Я, не отрываясь, смотрел на нее. Раскаленная точка зрения.
– Для тебя, такого чистого, такого брезгливого, – это блядство. Сам-то жене изменять не станешь… – Полностью искусством иронии она так и не овладела. Но элементарные приемы освоила. Помолчала недолго и огляделась по сторонам. – Значит, подруга моя тебя не устраивает? – Возмущенно спросила она у невидимых свидетелей, которыми была набита комната. – А может, ей просто хочется жить, а не сидеть одной дома, как сижу я!
– Почему обязательно одной? – Чего это она вдруг взъелась, когда заговорил о Леле? Я сделал какое-то движение рукой, и в нем неожиданно для себя самого процитировал обвинительный жест ее пальца. Но она цитаты не узнала. – У нее ведь и муж есть.
– У мужа своя жизнь… Они моложе нас… Я Лельку очень люблю, она удивительная женщина… не знаю, как бы выжила… – Зрачки у нее бегали из стороны в сторону будто следили за проносящимися в голове воспоминаниями. Наконец остановились, и она уставилась в пустоту. – Ты все равно ничего не поймешь… И вообще, тебе-то какое до нее дело?
– Никакого… Просто ты с ней отдыхать в Лос-Анджелес ездила…
– Мог бы догадаться, что на самом деле мне туда совсем не хотелось… – Она тяжело вздохнула, будто подтверждая для себя, что снова оказалась права.
– Тогда почему ты просто не поехала?
– У тебя всегда все так просто…
Наполовину выкуренная пачка сигарет, которую она, как кубик Рубика, вертела в своих полных, сильных руках, резко остановилась. Электрический свет вспыхнул и задрожал на целлофановой обертке. С неожиданной силой она расплющила ее. Свет брызнул, и тоненькая струйка его повисла, качаясь из стороны в сторону, потянулась к полу из зажатого кулака. Лицо у нее было очень решительное. Обычно это означало, что она не знает, что делать дальше.

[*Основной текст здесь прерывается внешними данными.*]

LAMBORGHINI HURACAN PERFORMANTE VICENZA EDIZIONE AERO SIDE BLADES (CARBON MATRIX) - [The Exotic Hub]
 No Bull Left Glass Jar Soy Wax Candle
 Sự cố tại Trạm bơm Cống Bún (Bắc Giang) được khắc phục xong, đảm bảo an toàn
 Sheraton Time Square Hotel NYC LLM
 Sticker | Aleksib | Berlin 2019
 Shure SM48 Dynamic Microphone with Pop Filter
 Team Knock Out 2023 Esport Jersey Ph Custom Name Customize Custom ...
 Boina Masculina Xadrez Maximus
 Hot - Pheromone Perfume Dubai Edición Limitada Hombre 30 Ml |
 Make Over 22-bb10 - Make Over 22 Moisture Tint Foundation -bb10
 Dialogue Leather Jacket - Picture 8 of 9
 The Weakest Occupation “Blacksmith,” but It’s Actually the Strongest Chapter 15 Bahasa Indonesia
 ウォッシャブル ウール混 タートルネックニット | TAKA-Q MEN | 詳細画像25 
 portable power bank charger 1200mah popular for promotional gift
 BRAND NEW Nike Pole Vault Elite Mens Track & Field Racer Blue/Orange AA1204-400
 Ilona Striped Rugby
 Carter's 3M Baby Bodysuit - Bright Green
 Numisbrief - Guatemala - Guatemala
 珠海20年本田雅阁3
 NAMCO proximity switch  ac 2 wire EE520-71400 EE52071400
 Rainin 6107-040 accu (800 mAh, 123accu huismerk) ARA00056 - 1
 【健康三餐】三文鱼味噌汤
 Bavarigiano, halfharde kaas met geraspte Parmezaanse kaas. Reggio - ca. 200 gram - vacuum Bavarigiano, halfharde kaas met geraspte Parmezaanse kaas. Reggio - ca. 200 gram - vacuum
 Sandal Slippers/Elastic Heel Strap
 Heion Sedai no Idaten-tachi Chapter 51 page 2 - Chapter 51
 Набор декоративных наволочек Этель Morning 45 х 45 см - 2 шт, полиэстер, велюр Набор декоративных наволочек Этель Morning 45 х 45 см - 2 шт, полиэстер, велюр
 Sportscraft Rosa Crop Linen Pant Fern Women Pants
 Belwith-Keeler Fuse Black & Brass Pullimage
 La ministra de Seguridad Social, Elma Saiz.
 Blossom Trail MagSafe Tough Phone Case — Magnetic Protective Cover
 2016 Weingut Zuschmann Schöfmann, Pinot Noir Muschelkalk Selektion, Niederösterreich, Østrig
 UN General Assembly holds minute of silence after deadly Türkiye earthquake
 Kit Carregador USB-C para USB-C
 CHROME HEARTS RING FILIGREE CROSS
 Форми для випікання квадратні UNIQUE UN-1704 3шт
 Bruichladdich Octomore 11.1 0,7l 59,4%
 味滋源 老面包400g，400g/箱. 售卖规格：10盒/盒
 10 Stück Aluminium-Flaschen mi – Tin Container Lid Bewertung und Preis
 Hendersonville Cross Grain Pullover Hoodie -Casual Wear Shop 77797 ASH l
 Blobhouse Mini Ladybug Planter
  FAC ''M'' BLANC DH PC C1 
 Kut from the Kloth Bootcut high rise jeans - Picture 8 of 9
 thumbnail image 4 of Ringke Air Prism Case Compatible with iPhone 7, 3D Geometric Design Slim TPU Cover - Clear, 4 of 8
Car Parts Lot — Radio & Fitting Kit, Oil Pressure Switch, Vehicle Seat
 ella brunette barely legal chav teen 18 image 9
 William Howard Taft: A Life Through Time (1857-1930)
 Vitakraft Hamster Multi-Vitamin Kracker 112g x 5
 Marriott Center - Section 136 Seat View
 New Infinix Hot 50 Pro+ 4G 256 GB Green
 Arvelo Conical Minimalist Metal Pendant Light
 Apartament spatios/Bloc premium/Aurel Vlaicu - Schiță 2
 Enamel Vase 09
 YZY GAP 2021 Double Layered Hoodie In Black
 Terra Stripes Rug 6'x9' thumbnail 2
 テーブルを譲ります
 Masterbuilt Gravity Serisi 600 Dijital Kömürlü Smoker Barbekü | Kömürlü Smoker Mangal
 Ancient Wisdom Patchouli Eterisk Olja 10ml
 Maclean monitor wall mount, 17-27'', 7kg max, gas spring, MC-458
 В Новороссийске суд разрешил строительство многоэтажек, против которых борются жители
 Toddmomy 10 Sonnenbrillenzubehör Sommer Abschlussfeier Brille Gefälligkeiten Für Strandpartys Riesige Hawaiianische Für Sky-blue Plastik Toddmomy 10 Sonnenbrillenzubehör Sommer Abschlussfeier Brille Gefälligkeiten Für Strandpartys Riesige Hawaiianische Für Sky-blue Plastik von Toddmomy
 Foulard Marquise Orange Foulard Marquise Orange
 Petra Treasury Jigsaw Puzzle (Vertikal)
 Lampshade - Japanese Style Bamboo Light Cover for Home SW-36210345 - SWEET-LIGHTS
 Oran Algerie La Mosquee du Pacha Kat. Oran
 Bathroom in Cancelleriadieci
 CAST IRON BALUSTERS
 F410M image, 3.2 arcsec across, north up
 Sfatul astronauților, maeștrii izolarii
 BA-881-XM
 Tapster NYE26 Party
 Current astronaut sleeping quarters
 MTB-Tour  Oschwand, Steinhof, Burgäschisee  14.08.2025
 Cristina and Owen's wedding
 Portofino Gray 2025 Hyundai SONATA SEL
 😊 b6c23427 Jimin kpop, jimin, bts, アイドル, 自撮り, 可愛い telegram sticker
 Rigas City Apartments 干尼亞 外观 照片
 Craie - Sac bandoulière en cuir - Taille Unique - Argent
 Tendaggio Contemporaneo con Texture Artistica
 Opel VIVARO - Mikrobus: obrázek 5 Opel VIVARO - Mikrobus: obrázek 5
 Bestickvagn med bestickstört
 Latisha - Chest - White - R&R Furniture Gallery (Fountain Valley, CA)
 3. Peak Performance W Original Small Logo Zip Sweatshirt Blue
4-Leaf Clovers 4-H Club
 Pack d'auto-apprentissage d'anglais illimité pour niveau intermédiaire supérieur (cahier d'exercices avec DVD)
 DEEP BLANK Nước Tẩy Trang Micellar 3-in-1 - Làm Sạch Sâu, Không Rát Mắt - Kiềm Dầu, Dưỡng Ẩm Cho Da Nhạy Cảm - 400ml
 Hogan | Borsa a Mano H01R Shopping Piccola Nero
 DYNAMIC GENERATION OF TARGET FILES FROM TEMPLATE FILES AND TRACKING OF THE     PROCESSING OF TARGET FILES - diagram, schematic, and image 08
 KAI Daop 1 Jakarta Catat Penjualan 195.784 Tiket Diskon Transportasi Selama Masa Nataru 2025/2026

Желтой субмариной сквозь влажную муть проплыло такси с желтым треугольным горбом на спине, крутанув над накренившимся перекрестком колесо цветных проводов вокруг светофора, который теперь мигал и слезился сразу всеми своими дисками. Молния высветила на спине такси синие трещины. Еще минута, и оно рассыплется на куски. Запах озона окатил меня с головой. Силуэт бомбилы вцепился в черный спасательный круг руля. На вырвавшийся из автомобиля короткий гудок в небе никто не откликнулся.
Мой взгляд сдвинулся в сторону, проделал мертвую петлю вслед за гудком. Натолкнулся на раму и снова отскочил в ливень посредине окна. На мгновение зацепился за изогнутый ветром крест бесплотной звонницы далеко над крышами. Качнул колокол и скатился вниз. Потом развернулся и начал шарить в асфальте рядом с домом. Скользнул по пустой улице, по скелетам пальмовых веток, уткнулся с разбега в насквозь промокшую темноту. И на время увяз в ней.
И вдруг я понял, почему, несмотря на грозу, так трудно стало дышать. Прошлое никуда не исчезло. Сейчас оно приняло знакомые очертания горбатого такси со сверкающим изумрудом во лбу и мутным облачком пара над ним. Такси, которое привезло нас сюда, еще до краев наполненных друг другом.